It’s another intrinsic piece of music from the Academy Award-winning composer, known for Chernobyl, Joker, and Tár. Recently. The artist took The Credits behind the scenes of scoring DaCosta’s thrilling film, the second in a planned trilogy from writer Alex Garland and producer/director Danny Boyle.
You find it helpful to draw when you’re starting a score, so what were your drawings like for 28 Years Later: The Bone Temple?
I don’t think I did any drawings for this one. When I read the script, I had this feeling of wanting to do something very elegant and baroque-connected. I spoke to Nia, and she had that same feeling. We wanted to work with the string orchestras to have some very elegant string music.
Did you want any inelegant strings for the horror as well?
My God, yes. I really love how there’s always been bands that are connected to the films and the music. I was working with my metal band, Osmium, when I got the script. We were working on our new album, and I thought, ‘Oh my God, Osmium was going to be perfect for this less elegant zombie attack moment.’
How does your experience in metal music, in terms of getting a reaction out of an audience, influence your score?
I really like metal music, and I’ve been playing for a long time. There’s a doom metal band rather than drone metal, called Sunn O))), that I’ve played with for a long time. I’ve always worked a lot within the experimental music scene. I’ve worked with a lot of people in the industrial music scene. So, pretty loud music for a lot of my musical life, so that comes naturally to me.
You have an exhibit at the Academy Museum, where you enter a dark room and experience your music, and it’s a quiet but intense experience. It’s hard to explain its full effect, but do you always want music to speak to the subconscious?

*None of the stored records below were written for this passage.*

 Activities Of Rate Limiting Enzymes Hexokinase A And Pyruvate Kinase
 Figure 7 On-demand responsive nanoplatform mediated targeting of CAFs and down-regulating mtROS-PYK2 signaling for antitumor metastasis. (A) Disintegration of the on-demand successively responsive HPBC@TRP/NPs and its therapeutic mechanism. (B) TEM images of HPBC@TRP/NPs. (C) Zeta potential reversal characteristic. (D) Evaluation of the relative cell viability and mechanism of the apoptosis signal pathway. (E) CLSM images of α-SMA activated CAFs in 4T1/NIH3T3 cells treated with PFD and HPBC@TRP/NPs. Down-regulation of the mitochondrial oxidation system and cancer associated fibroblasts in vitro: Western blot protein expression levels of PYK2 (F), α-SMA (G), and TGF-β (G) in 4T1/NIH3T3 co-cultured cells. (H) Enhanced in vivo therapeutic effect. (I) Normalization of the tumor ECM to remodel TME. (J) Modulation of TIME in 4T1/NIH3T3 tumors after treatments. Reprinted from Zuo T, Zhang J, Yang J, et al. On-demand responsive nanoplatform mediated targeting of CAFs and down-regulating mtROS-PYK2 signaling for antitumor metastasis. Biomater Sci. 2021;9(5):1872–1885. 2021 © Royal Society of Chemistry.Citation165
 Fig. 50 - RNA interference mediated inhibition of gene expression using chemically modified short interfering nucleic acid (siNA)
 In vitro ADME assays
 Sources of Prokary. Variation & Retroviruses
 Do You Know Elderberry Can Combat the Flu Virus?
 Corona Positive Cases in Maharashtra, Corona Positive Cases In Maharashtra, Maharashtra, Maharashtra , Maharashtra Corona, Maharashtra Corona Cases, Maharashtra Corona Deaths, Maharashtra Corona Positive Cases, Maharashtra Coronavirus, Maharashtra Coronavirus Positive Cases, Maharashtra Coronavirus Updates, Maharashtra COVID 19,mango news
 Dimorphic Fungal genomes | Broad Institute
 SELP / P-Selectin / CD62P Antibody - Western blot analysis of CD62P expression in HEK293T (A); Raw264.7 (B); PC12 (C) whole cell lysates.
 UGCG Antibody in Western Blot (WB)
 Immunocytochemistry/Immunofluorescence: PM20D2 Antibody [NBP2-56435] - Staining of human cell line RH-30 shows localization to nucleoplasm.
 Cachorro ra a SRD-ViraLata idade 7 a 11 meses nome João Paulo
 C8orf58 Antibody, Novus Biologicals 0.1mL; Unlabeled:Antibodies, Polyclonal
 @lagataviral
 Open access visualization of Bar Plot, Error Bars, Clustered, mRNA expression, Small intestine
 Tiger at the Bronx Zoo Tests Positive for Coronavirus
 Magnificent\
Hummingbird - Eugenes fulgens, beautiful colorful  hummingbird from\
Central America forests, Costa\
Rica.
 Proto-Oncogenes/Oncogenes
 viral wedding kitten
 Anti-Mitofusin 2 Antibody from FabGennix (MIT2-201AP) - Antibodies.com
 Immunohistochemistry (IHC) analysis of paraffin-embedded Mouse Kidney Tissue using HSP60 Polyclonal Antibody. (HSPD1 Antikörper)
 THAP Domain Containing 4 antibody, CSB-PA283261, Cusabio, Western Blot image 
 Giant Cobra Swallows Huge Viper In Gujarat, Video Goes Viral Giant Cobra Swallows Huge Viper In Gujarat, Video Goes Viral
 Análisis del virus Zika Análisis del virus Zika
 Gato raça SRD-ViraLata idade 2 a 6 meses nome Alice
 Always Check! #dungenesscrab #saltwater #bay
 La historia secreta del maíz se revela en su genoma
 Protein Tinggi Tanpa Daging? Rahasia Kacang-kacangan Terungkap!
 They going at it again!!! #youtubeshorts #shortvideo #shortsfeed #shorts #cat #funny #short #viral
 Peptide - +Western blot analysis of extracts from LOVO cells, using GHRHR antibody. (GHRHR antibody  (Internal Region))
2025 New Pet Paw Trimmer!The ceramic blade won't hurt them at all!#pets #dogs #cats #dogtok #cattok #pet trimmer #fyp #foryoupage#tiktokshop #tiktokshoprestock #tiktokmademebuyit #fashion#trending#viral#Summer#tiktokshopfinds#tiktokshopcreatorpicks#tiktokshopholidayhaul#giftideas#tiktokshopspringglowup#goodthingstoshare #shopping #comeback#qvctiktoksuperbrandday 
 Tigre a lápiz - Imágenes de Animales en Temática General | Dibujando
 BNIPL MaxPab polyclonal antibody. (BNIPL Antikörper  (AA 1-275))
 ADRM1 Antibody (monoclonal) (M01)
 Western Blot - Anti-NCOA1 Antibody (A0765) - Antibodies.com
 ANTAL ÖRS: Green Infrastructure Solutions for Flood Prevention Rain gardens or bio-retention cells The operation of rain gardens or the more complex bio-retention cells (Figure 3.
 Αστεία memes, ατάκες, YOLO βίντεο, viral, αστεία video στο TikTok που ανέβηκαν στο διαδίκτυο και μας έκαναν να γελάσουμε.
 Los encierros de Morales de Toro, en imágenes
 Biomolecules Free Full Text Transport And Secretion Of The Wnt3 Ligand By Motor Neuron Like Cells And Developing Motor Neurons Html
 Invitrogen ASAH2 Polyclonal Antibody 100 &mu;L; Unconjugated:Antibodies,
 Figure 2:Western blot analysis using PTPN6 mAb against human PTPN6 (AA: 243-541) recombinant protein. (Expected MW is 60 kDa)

I do seek that out. Music is so powerful in that aspect. Music has such immense, direct access to our subconscious. I’m interested in how music can transform a space that you’re in, whether that’s a physical space or a psychological space. When you’re going out running, and you need energy, you can listen to an upbeat piece of music, and it gives you energy. If you want to go the other direction and relax and come down a bit, music can be very helpful in that way, too.
How have you strived for a similar effect in your work?
In films like Tár, you can’t really even hear the music, but it is working on such a subconscious level. I’m trying to go in through the back door and access those places in the subconscious to bring you into the story.
What did the Bone Temple itself give you? How did you want to define that location?
I was keen on having the texture of the bones in the music. There’s such a specific texture to bones when you make any sound with them. Actually, most instruments that are not strings or metal are made from bones. All the percussion is played on actual bones. I did all these bone flutes. One of the main instruments is this horn [displays a laughably gigantic horn].

That is so metal, Hildur.
[Laughs] That is pretty metal. It is very different from plastic, steel, glass, or anything else, which has a much more pointed texture when you bang on it. Bones somehow have a rounder and richer texture. Maybe no one else is going to hear it like that, but I think even in that crazy horn situation, when you blow into it, it’s clearly not an English horn or a French horn. There’s this roundness to the texture that I love. I wanted to bring this elemental, weird, textural feeling into the score because that’s what I was getting from the temple itself. I wanted it to be kind of tribal and elemental. I really didn’t want it to sound fancy or produced. I wanted it very raw.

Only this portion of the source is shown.